But giving a cell phone to a child still residing in the single digits seemed not just premature, but actually gross. In the swanky city where I live, it is not at all unusual to spot prepubescent Paris Hilton wannabes strolling in Jackie O-size designer sunglasses, flashing an iPhone where an American Girl doll should be, chatting, or more often, texting during lunch at a pricey outdoor cafe. Whenever I spotted the parents of these tech-addicted children, they appeared perfectly content to ignore their offspring right back as they texted away on their own cell phones.
And what of the effect of habitual cell phone use on the development of social skills and friendships with real live friends? Last year, the New York Times ran a piece on kids' reliance on electronics and cited a study that found half of American teenagers send an average of 50 text messages a day. Of that number, 54% stated they are more likely to text friends than speak to them face-to face.
Experts quoted in the article raised provocative questions about how the frequent use of calling and texting affects a child's ability to learn the subtle but vital aspects of social interaction: reading facial gestures, understanding emotional nuance, developing empathy. Of course, this is a greater concern for shy or awkward kids who are unsure how to navigate the social landscape -- and may substitute texting for genuine interaction -- than it is for gregarious young people who rely on calling and texting to maintain friendships or make plans to get together in real time.

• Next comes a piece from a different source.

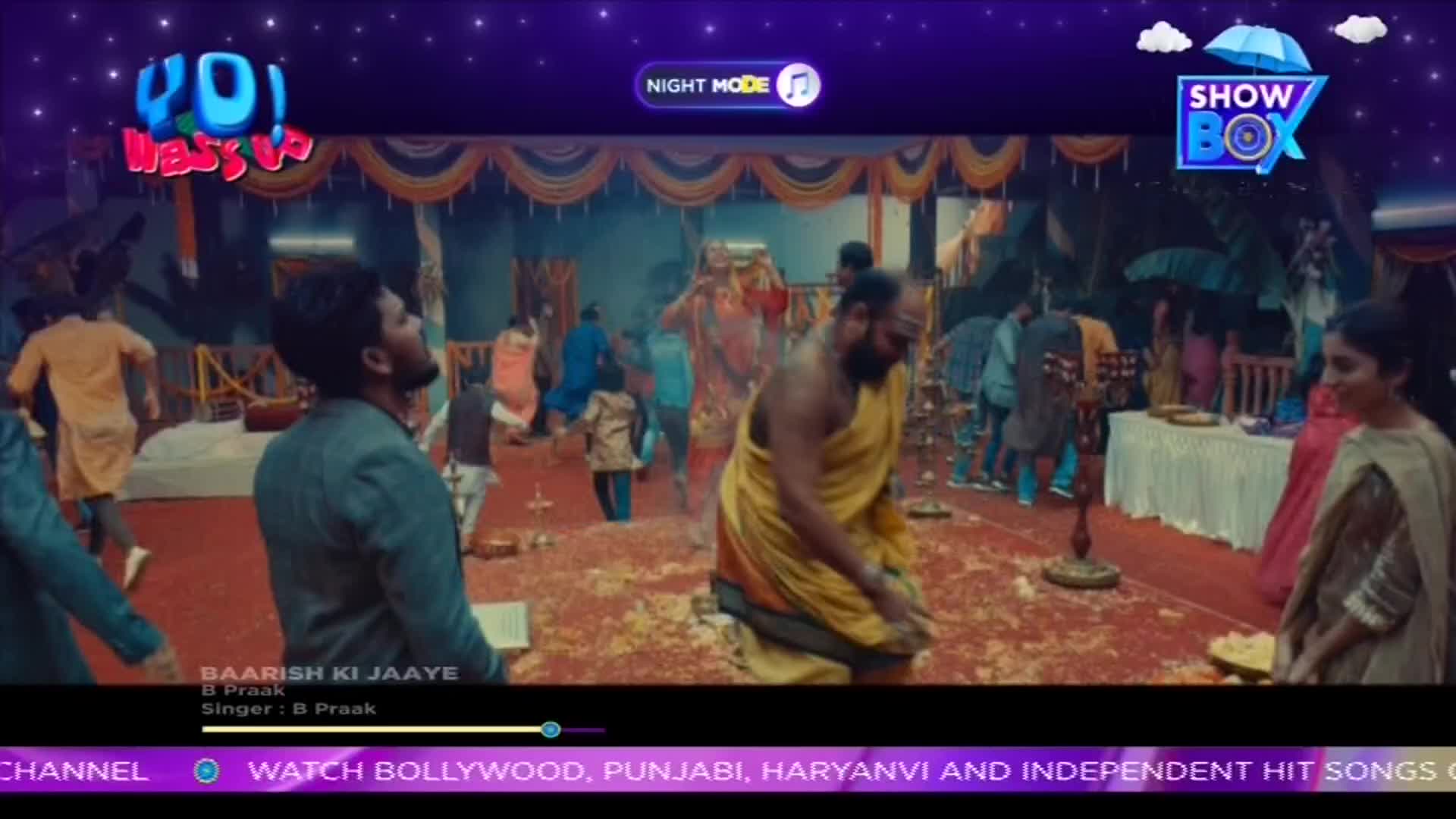 A man in a yellow robe kneels, while others in the background move around a decorated space. The scene, from a ShowBox video, feels like a celebration in India.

And then there's the effect on writing, grammar, forming thoughts: how will years of tapping out brief messages sans legitimate punctuation -- "were going 2 movie b4 dinner c u soon" -- impact expository writing and critical thinking skills, or even the ability to grow up and be an interesting dinner party conversationalist?

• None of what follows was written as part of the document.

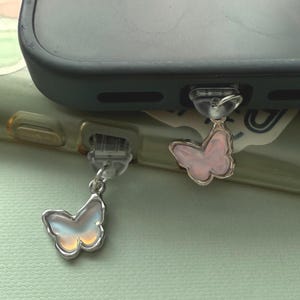 May include: Two butterfly phone charms. One charm has a pearlescent white and yellow butterfly with a silver-colored border. The other charm has a pink butterfly with a silver-colored border. Both charms are attached to a phone.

"Safety concerns" is a reason I've heard some parents give to justify buying a cell phone for a child. And for a teen out at the mall with friends, this seems legitimate. What mother wouldn't want to know that her teen has not been lured away by Jerry Sandusky but has emerged, innocence in tact, from the movie theater with his posse of pals, ready to be retrieved?

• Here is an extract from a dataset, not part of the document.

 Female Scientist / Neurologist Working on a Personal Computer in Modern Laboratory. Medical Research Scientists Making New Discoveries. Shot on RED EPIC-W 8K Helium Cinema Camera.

The safety reason doesn't apply to Franny, however. She is only nine, nowhere near old enough to be deposited in a public place unchaperoned. Until recently I would have told you that giving her a cell phone would do more harm than good.
That conviction crumbled a few days before Christmas when my husband, who is wary of giving kids too much electronics time, turned to me and said: "We should get Franny a cell phone." And I replied, with a resigned shoulder slump: "Okay."
Atticus and I had both grown weary of the increasingly frequent texts from my ex-husband, ostensibly to my daughter, but subtextually to me. Prince is just the teensiest bit flamboyant, so his messages to Franny were doused with multiple "I love yous!!!!!!!!" and "I can't wait to see yous!!!!!!!!" and "Love, Dad xxxxxxxooooooos." Upon receiving one of these texts, Franny would grab my phone and off the two of them would go on a protracted text exchange that would end only when I announced, "it's time for dinner" or "I need my phone back."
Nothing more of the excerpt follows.